■ Your assignment: Of the material below, the lines to be retyped are those from the line containing "Hot stones on back" through the line containing "Israeli relief organization", inclusive; reproduce them exactly.

------------------------------------------------

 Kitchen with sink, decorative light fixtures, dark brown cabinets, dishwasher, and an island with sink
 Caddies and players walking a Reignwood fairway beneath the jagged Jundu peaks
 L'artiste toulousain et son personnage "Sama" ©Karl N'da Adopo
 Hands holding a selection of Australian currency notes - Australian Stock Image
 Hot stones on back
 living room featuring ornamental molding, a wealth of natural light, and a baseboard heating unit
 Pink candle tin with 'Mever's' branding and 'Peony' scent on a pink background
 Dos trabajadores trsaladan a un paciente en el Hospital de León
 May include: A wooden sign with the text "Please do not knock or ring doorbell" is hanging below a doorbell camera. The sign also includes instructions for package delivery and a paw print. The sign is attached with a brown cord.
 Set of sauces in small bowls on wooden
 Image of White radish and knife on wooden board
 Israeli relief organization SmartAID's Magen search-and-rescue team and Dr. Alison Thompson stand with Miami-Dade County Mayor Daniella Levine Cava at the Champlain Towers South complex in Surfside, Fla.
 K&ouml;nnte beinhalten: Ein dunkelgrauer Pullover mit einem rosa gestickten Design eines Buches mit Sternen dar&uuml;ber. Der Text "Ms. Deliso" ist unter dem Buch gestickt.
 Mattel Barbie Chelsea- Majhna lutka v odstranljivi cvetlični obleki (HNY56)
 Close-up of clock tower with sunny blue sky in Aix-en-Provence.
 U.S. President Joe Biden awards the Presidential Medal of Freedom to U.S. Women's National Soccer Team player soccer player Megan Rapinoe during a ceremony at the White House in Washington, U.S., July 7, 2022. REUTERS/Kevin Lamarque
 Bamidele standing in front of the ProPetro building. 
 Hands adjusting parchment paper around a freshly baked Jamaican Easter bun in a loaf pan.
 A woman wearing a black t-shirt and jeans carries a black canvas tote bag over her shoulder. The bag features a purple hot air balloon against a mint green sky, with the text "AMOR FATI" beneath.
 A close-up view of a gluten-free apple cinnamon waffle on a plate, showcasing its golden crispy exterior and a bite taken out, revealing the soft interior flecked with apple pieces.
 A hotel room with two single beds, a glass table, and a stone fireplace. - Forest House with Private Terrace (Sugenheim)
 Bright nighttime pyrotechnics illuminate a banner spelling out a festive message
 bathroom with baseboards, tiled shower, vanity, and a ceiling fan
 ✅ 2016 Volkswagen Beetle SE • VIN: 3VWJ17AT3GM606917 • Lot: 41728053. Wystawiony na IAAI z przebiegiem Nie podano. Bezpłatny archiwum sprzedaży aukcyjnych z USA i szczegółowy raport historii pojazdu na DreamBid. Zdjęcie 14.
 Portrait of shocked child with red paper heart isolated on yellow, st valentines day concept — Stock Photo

------------------------------------------------

■ Answer box:
 Hot stones on back
 living room featuring ornamental molding, a wealth of natural light, and a baseboard heating unit
 Pink candle tin with 'Mever's' branding and 'Peony' scent on a pink background
 Dos trabajadores trsaladan a un paciente en el Hospital de León
 May include: A wooden sign with the text "Please do not knock or ring doorbell" is hanging below a doorbell camera. The sign also includes instructions for package delivery and a paw print. The sign is attached with a brown cord.
 Set of sauces in small bowls on wooden
 Image of White radish and knife on wooden board
 Israeli relief organization SmartAID's Magen search-and-rescue team and Dr. Alison Thompson stand with Miami-Dade County Mayor Daniella Levine Cava at the Champlain Towers South complex in Surfside, Fla.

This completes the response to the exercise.